The underlying architecture of some neuromorphic computing systems involves tiny memory storage devices – which stand in for the neurons in our brains. These are linked together by memristors – which change their resistance in response to the current flowing through them. This allows them to mimic the synapses responsible for conveying electrical signals between neurons. These signals change in strength over time as information is learned and lost.

One challenge in creating neuromorphic computing systems with existing fabrication and micromachining techniques is that it can be difficult to ensure uniformity of the component devices. This means that their performance can vary widely. If this variation is too great, it can severely limit the accuracy of the overall system.

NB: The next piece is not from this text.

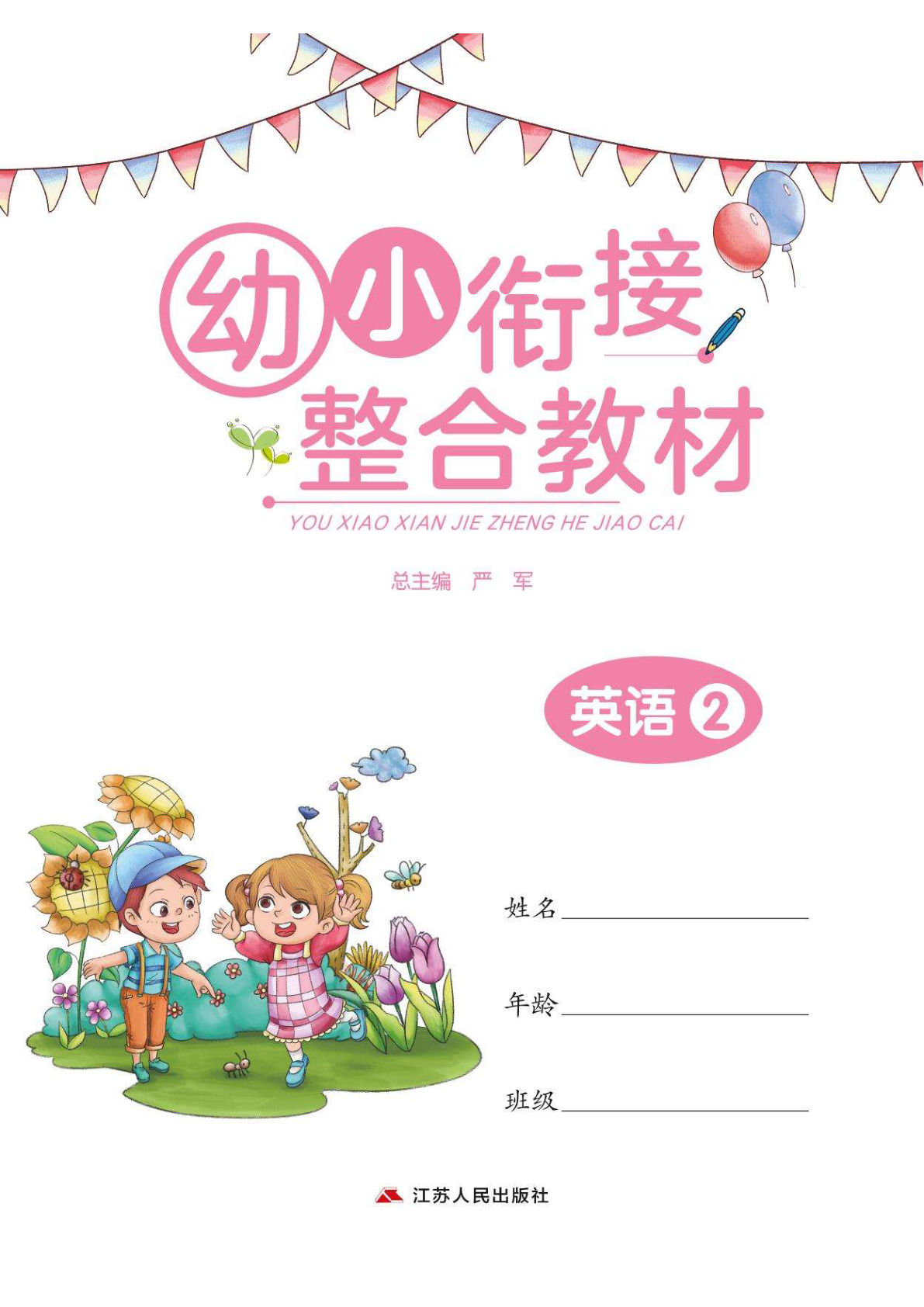 幼小衔接教材-英语下 第1页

However, Yuan points out that this non-uniformity is not necessarily a problem – so long as the right approach is taken. “We certainly do not have identical cells in our brain, and there are also random processes in the brains’ neural dynamics,” he says. “Nevertheless, people can still perform precise tasks of cognition and movement without much difficulty.”

Population coding

In their study, Yuan and colleagues explored a promising strategy for reproducing this natural variation. Called “population coding”, this approach represents information in the collective activity of a population of neurons, rather than in individual cells.

As Yuan explains, this scenario actually mimics the brain’s function more closely than systems of identical neurons. “In the brain, information about positions, directions, colours, and other continuous variables are usually encoded by a group of cells,” he says. “In this way, the information is hardly influenced by noise of individual cells.”

By implementing population coding, the researchers calculated how the memristor synapses linking artificial neurons can be implemented using domain walls. These are structures found in ferromagnetic materials that mark the boundaries between regions of different magnetic orientation. The location of a domain wall in a material can be shifted by passing an electrical current through the material – forming the basis for a domain-wall synapse memristor.

The trio has calculated that by using such domain-wall memristors, the non-uniformity of component devices can be an advantage. “We demonstrate that even employing these highly nonuniform devices, applying a population coding strategy can significantly improve the performance of a neural network,” Yuan explains.

The research suggests that using population coding to exploit domain-wall synapses offers a route towards more robust neuromorphic computing systems, with performances comparable to those of more traditional digital computers.

Yuan and team also believe that their approach can also be applied to other types of neuromorphic components including resistive, phase-change, and ferroelectric devices.

The research is described in New Journal of Physics.